- _EXERCISE DESCRIPTION_:
Do not copy the pictures. Write out the lines from the start of the entries through the line containing "Compact black computer".

- _RECORDS TO PROCESS_:
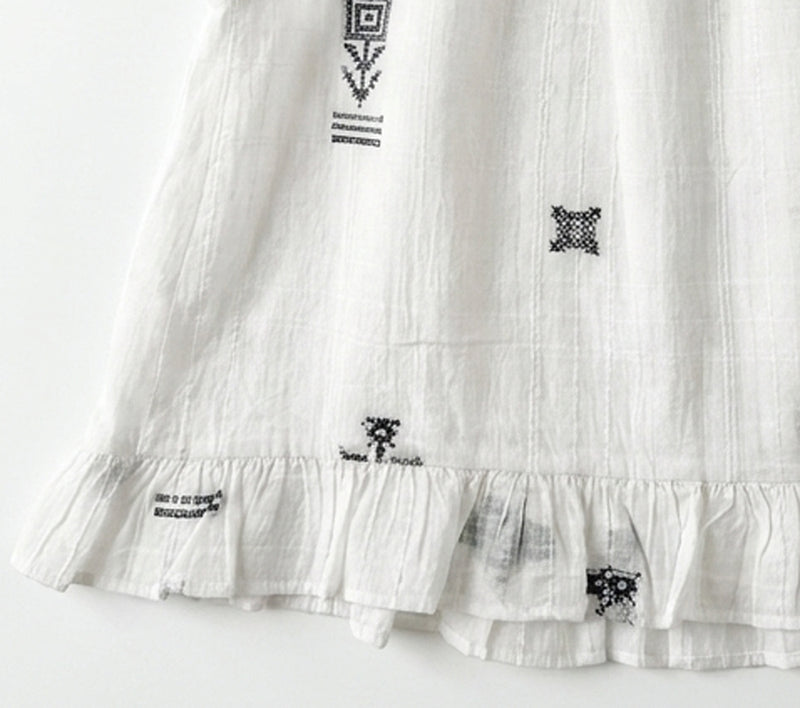 Alice Top-White Jamdani cotton jamdani top/shirt by World of Crow in white for women Worldwide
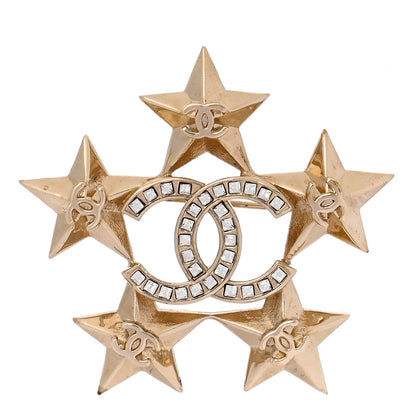 Chanel Baguette Crystal CC Star Brooch Gold 1 of 5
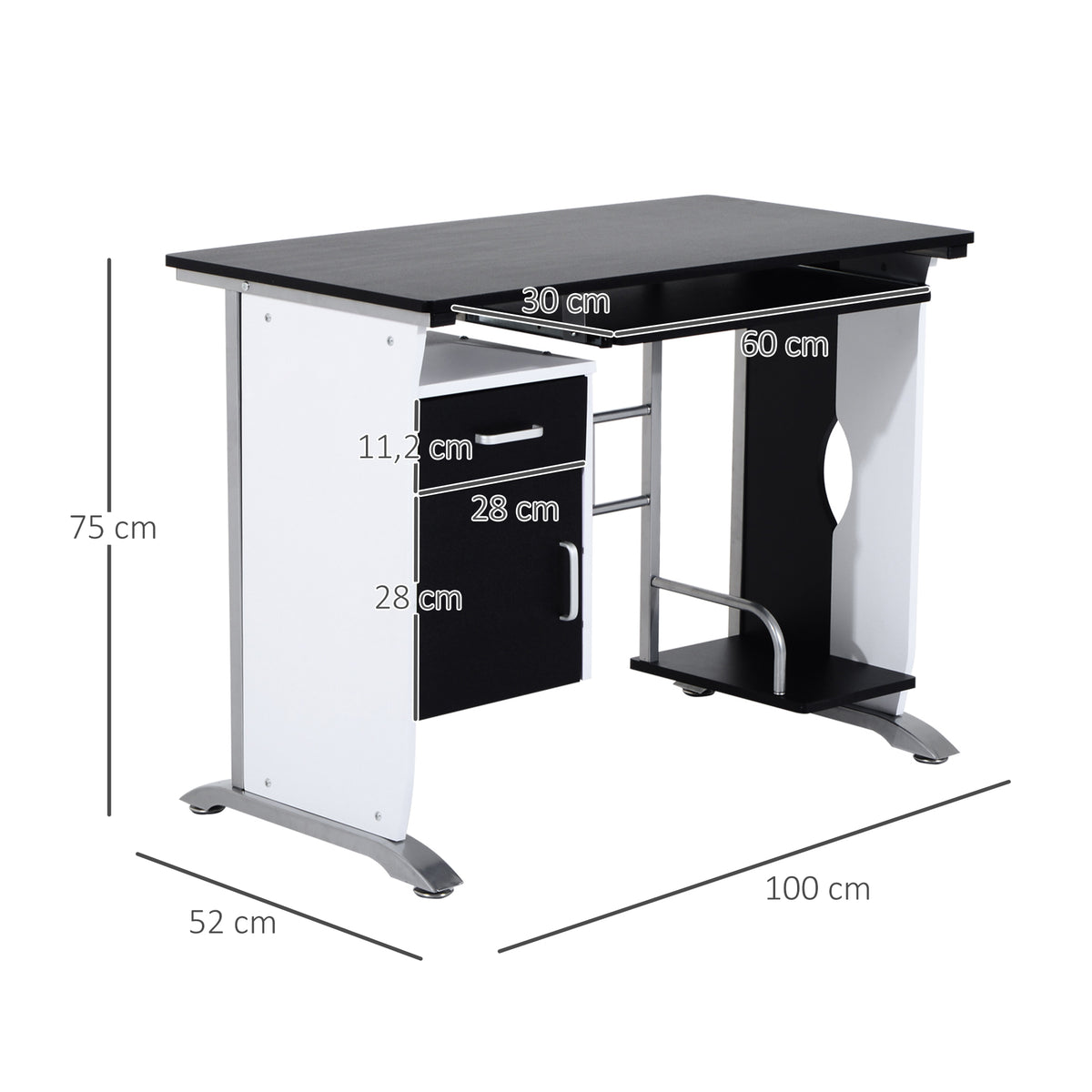 Compact black computer desk with keyboard tray, 100cm, photo 3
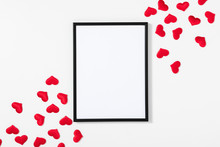 Elegant Composition For Valentine's Day. Photo Frame, Red Hearts On White Background. Valentine Day Concept, Design. Flat Lay, Top View, Copy Space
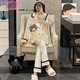 Modal 2025 New Gold Velvet Pyjamas für Frauen im Herbst und Winter, langärmelter koreanischer High-End-Aprikosen-Herbst- und Winter-Heimbekleidungsset CM-728#Champagner Panda (doppelte Länge) xl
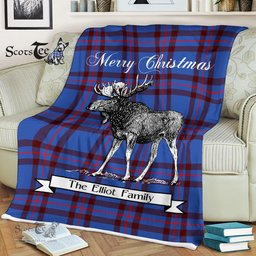 Scotstee Shop - Scotstee Shop Tartan Plaid Fleece Blankets With Moose Clan Elliot Tartan Plaid Christmas Blanket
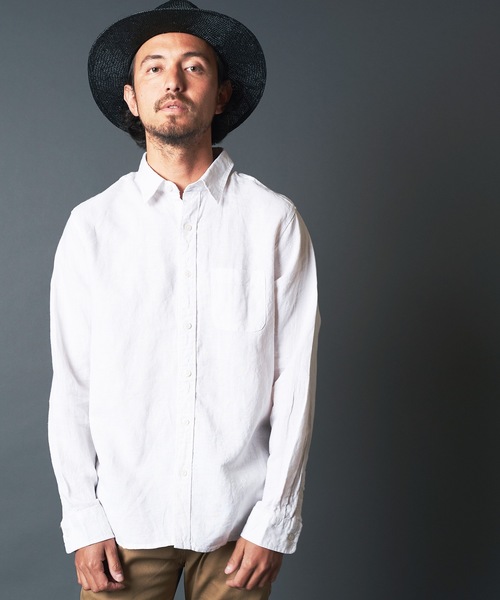 THE TWENTYSEVEN（ザ トゥエンティーセブン）の「The TWENTYSEVEN：LINEN STANDARD SHIRT リネンスタンダード シャツ（シャツ/ブラウス・メンズ・ホワイト/ブラック/ネイビー・M/L/XL）」の2枚目の写真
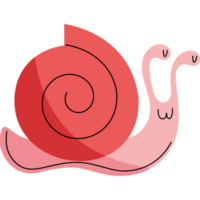 A snail with a red shell and a black background png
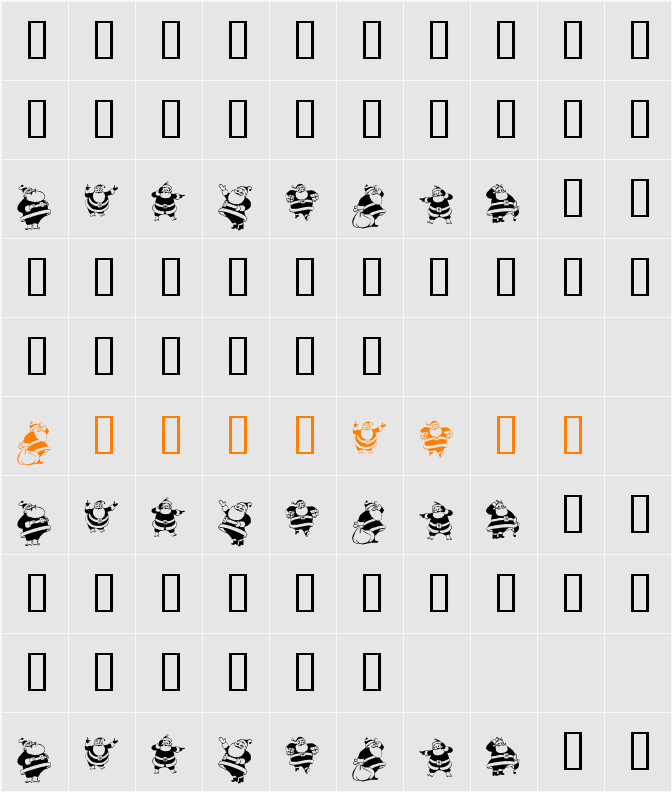 KR Eight Santas Character Map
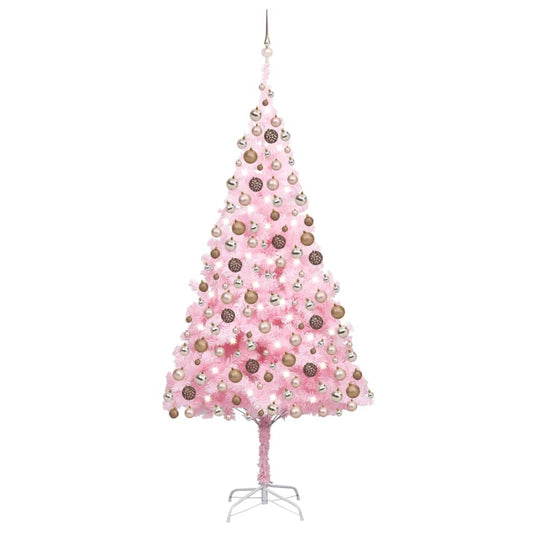 Tekojoulukuusi LED-valoilla ja palloilla pinkki 210 cm PVC - Harrastajankoti.fi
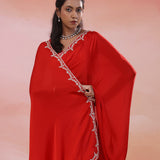 Red Crepe Saree With Fancy Border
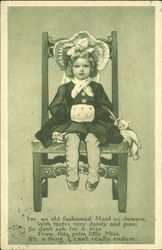 Girl on Chair Girls Postcard Postcard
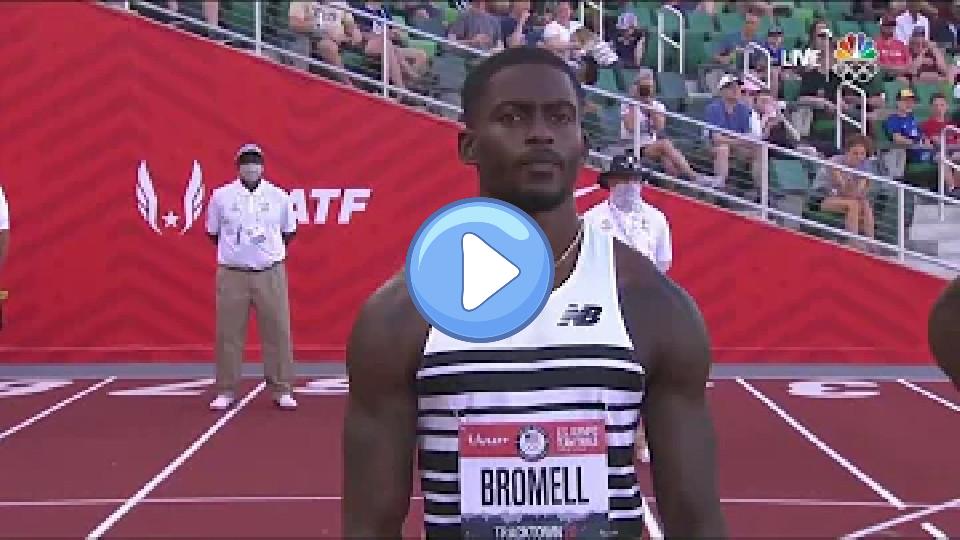 Video thumb: Trayvon Bromell secured his ticket to Tokyo as Justin Gatlin pulled his hamstring during the U.S. Olympic trials.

- _RESPONSE AREA_:
 Alice Top-White Jamdani cotton jamdani top/shirt by World of Crow in white for women Worldwide
 Chanel Baguette Crystal CC Star Brooch Gold 1 of 5
 Compact black computer desk with keyboard tray, 100cm, photo 3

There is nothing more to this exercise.